*EXERCISE AIM:*
Once the line with "Blind Box Series" is found, repeat it and all later lines exactly through the end of the listing below, with the pictures left out.

*SOURCE MATERIAL:*
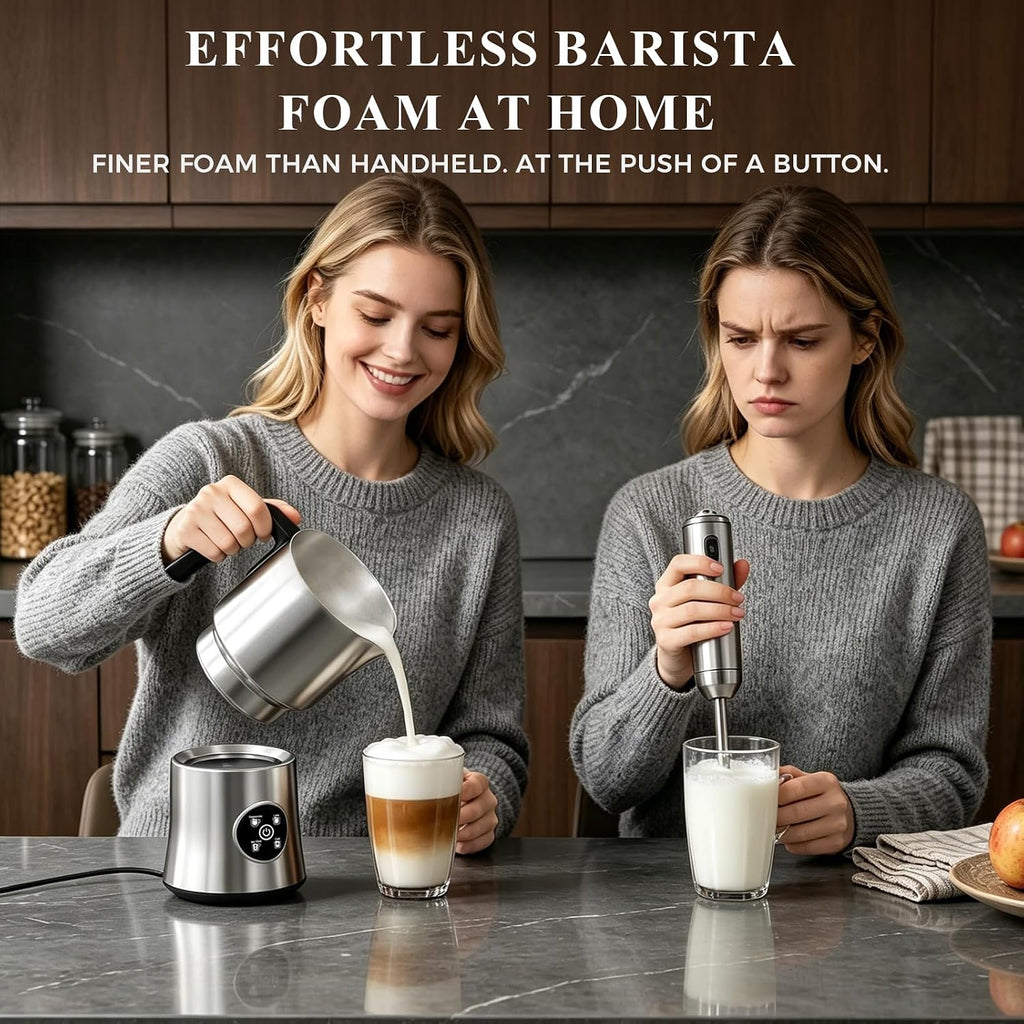 Espumador de leche eléctrico automático y vaporizador con espuma fría y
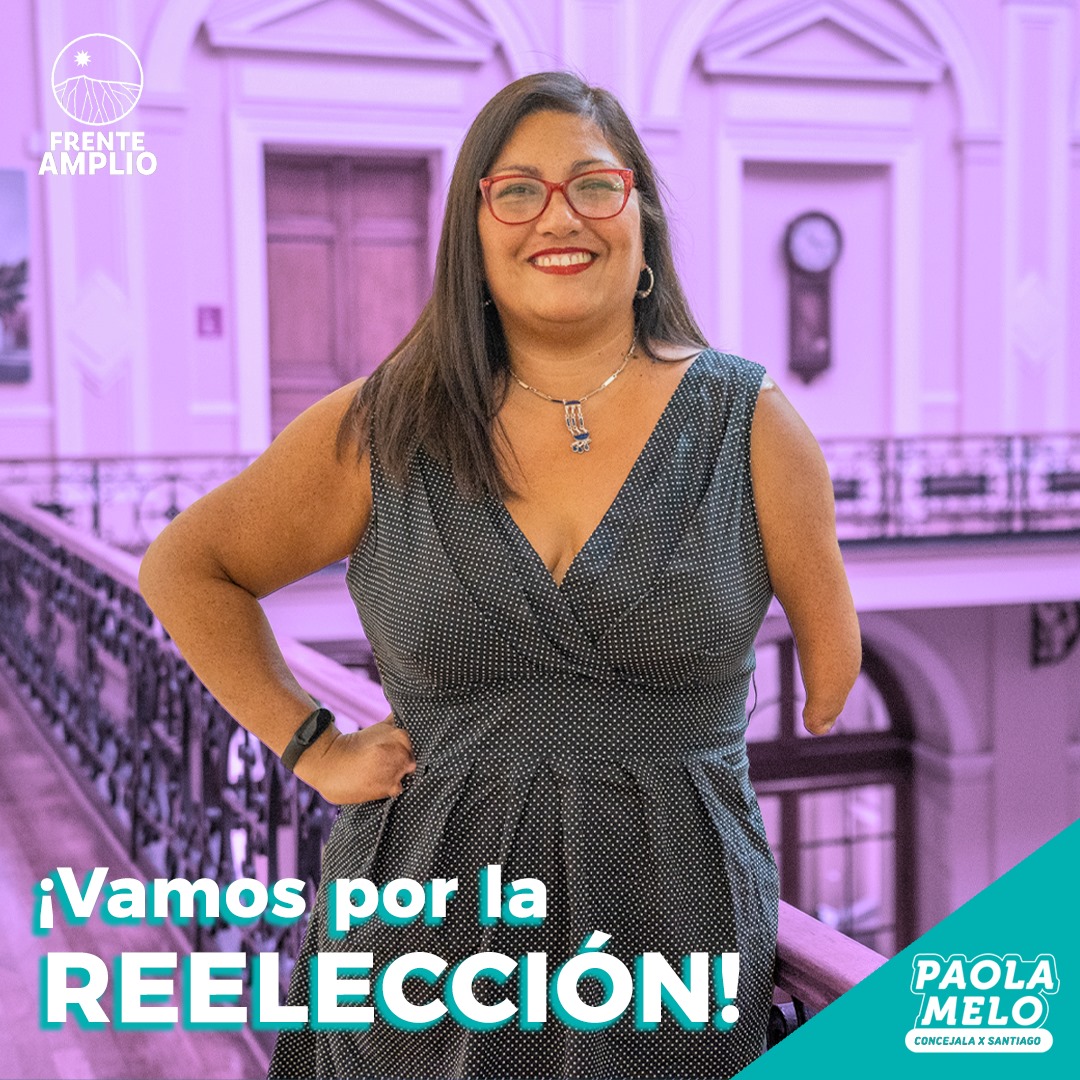 Feliz de seguir cumpliendo 100% con el mandato de la Concejalía un desafío hermoso al servicio de las y los Santiaguinos ❤️
Ratificada e inscrita la reelección para el periodo 2025-2029 por el Frente Amplio #caminemosjuntosxStgo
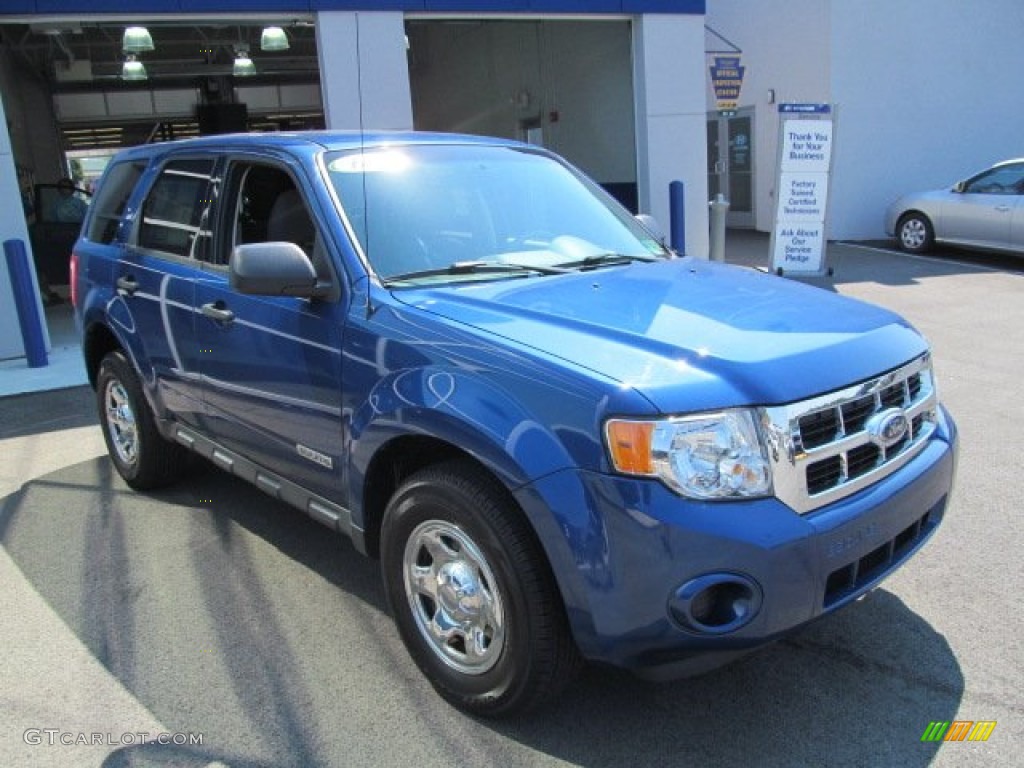 2008 Escape XLS 4WD - Vista Blue Metallic / Stone photo #5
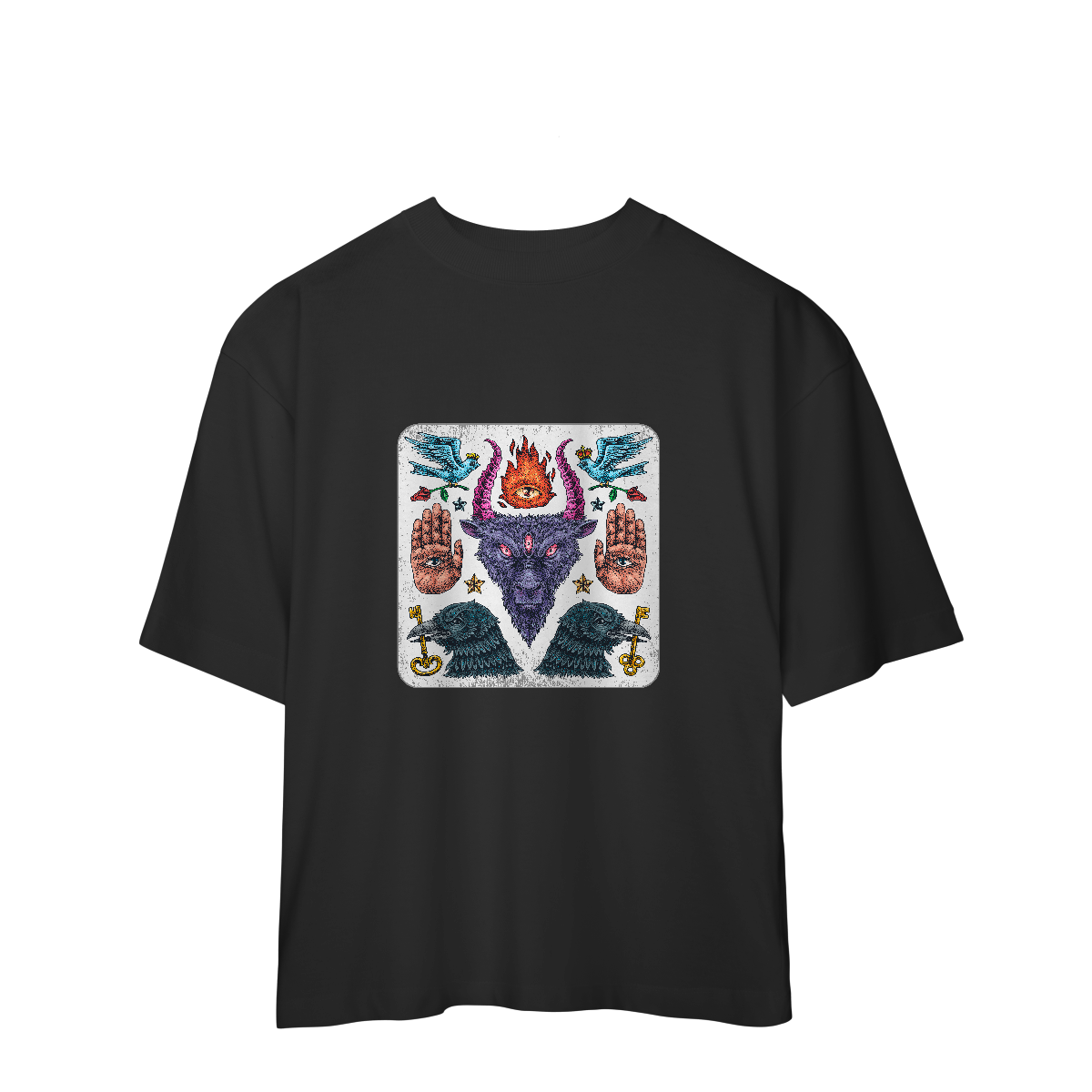 Camiseta Oversized Satã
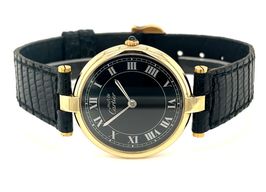 Cartier Vintage Unknown (Unknown (random serial)) - Black dial 30 mm Silver case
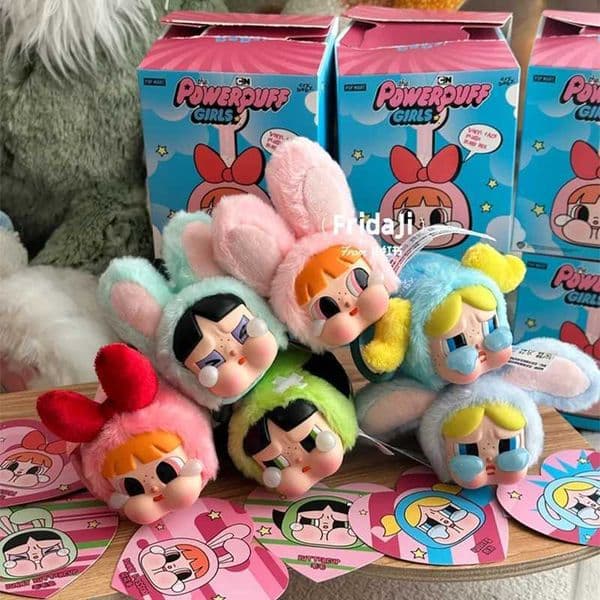 Blind Box Series Crybaby Facial Toy Decoration Mystery Box Action Character Doll Trend Desktop Decoration Toy Christmas Gift X250318
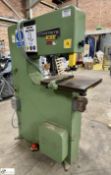 Startrite 24-S-5 vertical Bandsaw, 415volts, 600mm throat, serial number 27011, with MTE power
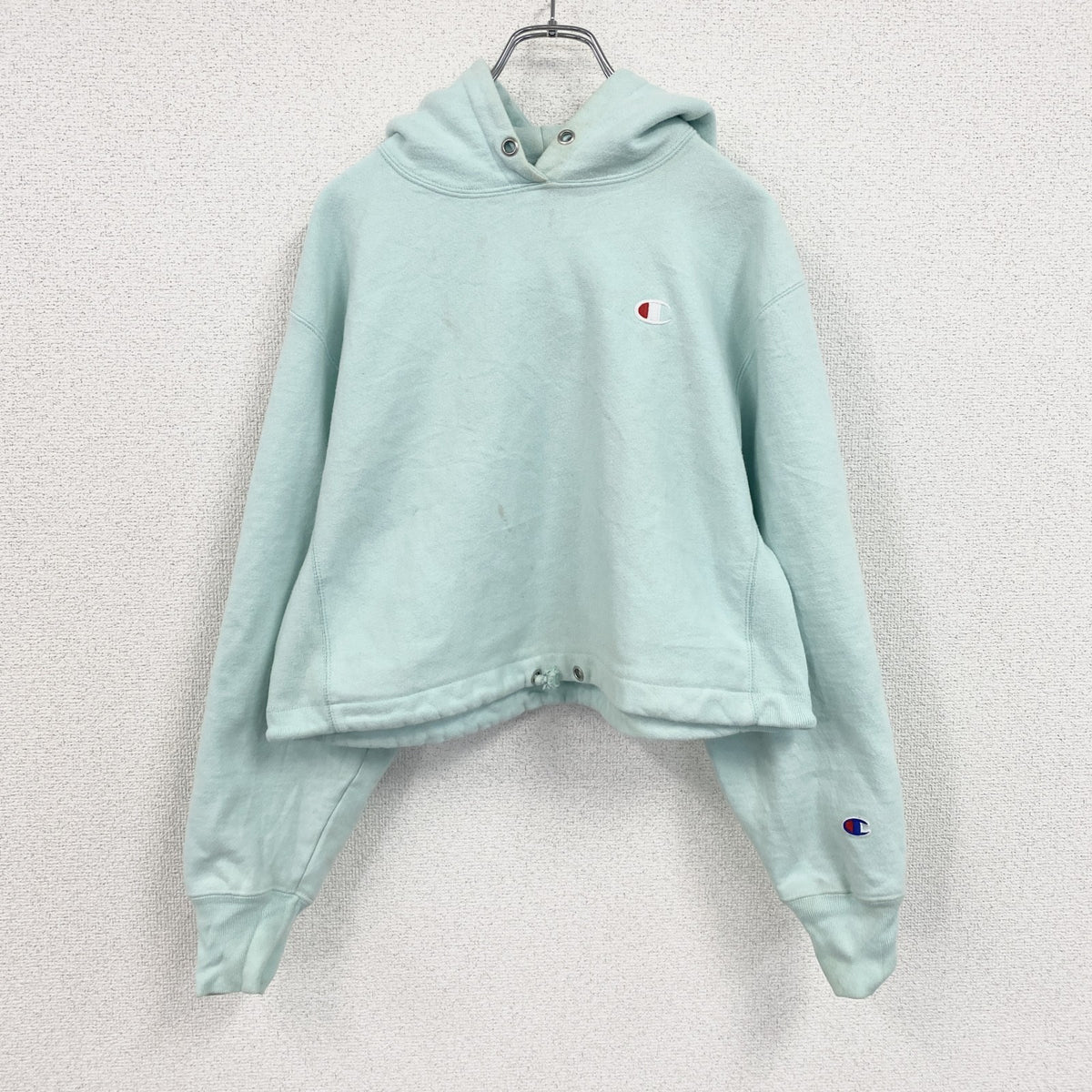 Champion　チャンピオン　リバースウィーブ　スウェットパーカー/フーディー　ミントグリーン　Mサイズ　古着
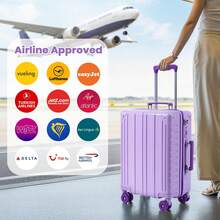 20 Inch Carry On Suitcase, Lightweight PC Hard Shell Travel Luggage Cabin Suitcase With Wheels & TSA Lock Overhead - 20 inch - View 9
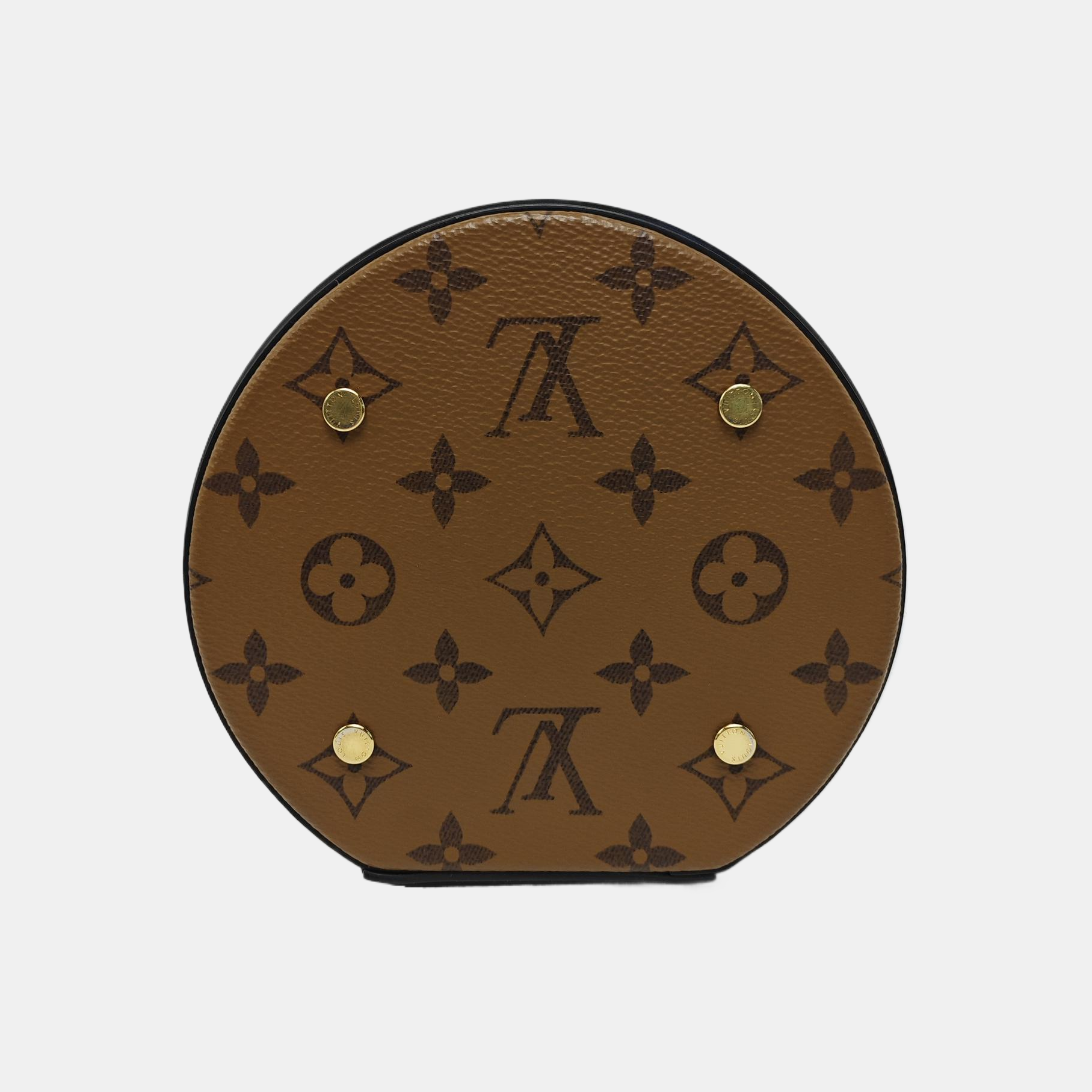 CANNES PM Monogram Coated Canvas Brown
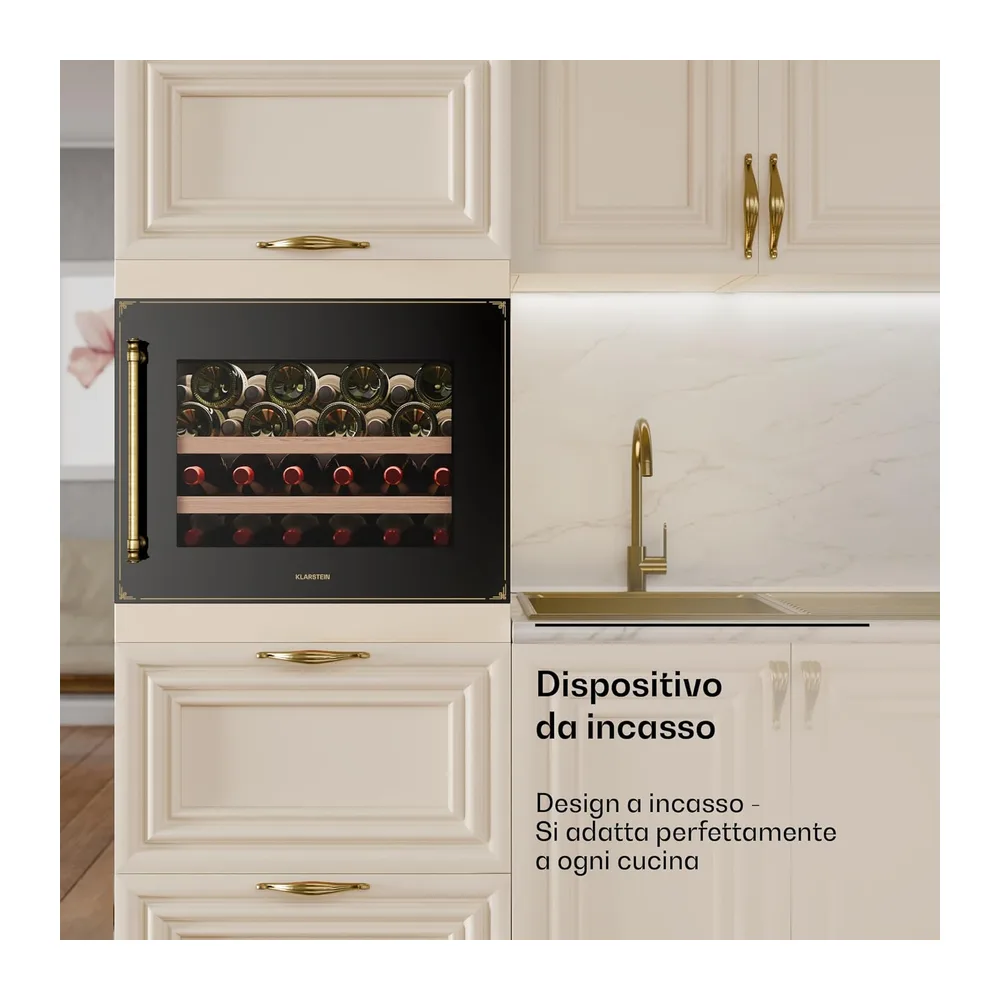 Klarstein Vinsider Victoria 28 - Cantinetta per Vini, 28 Bottiglie, 1 Zona, 5-20 °C, Touch Control, LED, — 6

*SOLUTION:*
 Blind Box Series Crybaby Facial Toy Decoration Mystery Box Action Character Doll Trend Desktop Decoration Toy Christmas Gift X250318
 Startrite 24-S-5 vertical Bandsaw, 415volts, 600mm throat, serial number 27011, with MTE power
 Champion　チャンピオン　リバースウィーブ　スウェットパーカー/フーディー　ミントグリーン　Mサイズ　古着
 20 Inch Carry On Suitcase, Lightweight PC Hard Shell Travel Luggage Cabin Suitcase With Wheels & TSA Lock Overhead - 20 inch - View 9
 CANNES PM Monogram Coated Canvas Brown
 Klarstein Vinsider Victoria 28 - Cantinetta per Vini, 28 Bottiglie, 1 Zona, 5-20 °C, Touch Control, LED, — 6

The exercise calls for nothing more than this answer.